PALOMA KUBIAK eats at Santa Maria Pizzeria, 15 St Mary's Road, Ealing Tel: 020 8579 1462

PIZZA is not my first choice when it comes to dining out, as I often find them dry, stodgy and overpriced. Rather shallowly, I felt that once you've tried one, you've tried them all.

But, after tasting Santa Maria pizza, you can tell the difference between the freshly prepared ingredients used here and the pizzas available from the well-known chains.

The owners of this cosy restaurant, conveniently located next door to a pub in South Ealing Road (I'll come to that later) pride themselves on offering authentic Neapolitan pizza blasted for only a couple of minutes in their scorchingly hot wood fired oven.

Joined by two friends, we browsed the non-fussy menu and ordered a bruschetta and a special (my friend had seen other diners order this) of aubergine parmigiana - layers of sliced aubergine with mozzarella, Parmesan, peppers with a hint of garlic in a tomato sauce.

The starters came in at just over £7 and were flavoursome and a welcome start to our Italian evening.

Moments after our empty plates had been whipped off the table, our generous pizza mains were placed before us.

I had ordered the San Daniele, with mozzarella, cherry tomatoes, Parma ham, wild rocket, shavings of parmesan and fresh basil, costing £7.75.

What was surprising was the moistness of the pizza base. It was light with a chewy texture, and bursting with freshness.

The salty Parma ham and cheese were balanced by the sweet cherry tomatoes, while the rocket added an extra tang to the palette.

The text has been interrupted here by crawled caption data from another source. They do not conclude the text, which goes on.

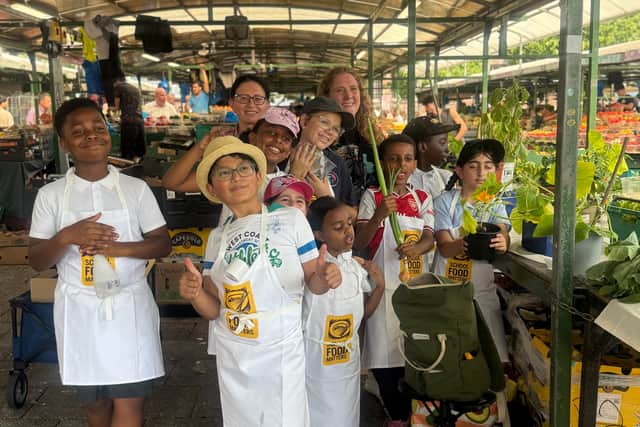 Children proudly display their produce at Bullring Open Market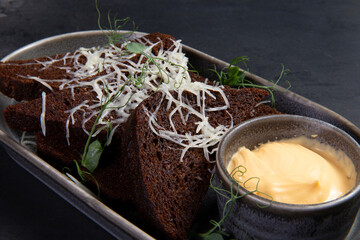 Fried rye croutons and sauce in a plate. On a dark background.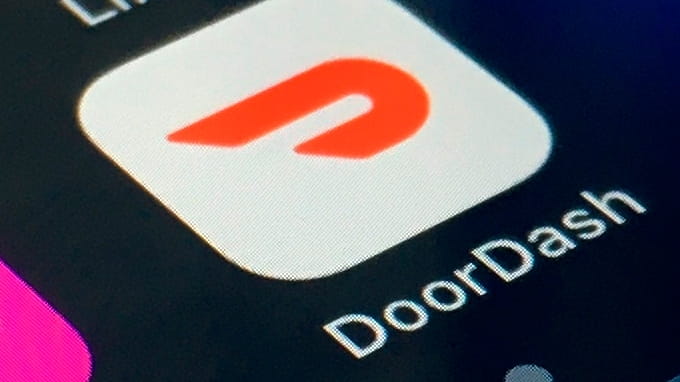 The DoorDash app is shown on a smartphone on Feb....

As an avid meat-eater in this seemingly very vegetarian-friendly pizzeria, I was glad to see the ham was generously speckled over my dish.

My friend ordered the Calzone San Salvatore, a folded pizza at £7.95 with mozzarella, ricotta cheese, salami, parmesan and basil and topped it off with extra mushrooms (£1.50).

He said he could taste the effect of the wood fire with every mouthful and lapped up the fresh ingredients with a cool sip of Peroni beer.

My other companion wanted to spice up his pizza, and ordered the Santa Caterina (£6.95) with salami, and extra chilli.

Again, he confirmed the dough was chewy, with a crisp outer base and thick-cut meat.

Our bill came to £38, which included two starters, three pizzas and three beers - very reasonable and wine drinkers can also get a bargain Pinot for only £1.75 for a 125ml glass.

Then back to the conveniently located pub - right next door.

As the pizzeria has been voted number one in London, queues do form, reservations can't be made and you'll need a sit-down and a drink before being found a table.

As we were one of the last tables to order, the other diners had left before I had got through a few mouthfuls. I felt like a fish in a tank, being observed by the staff who could finally take a breather before closing down the kitchen. Feeling too self-conscious to finish would be my only quibble.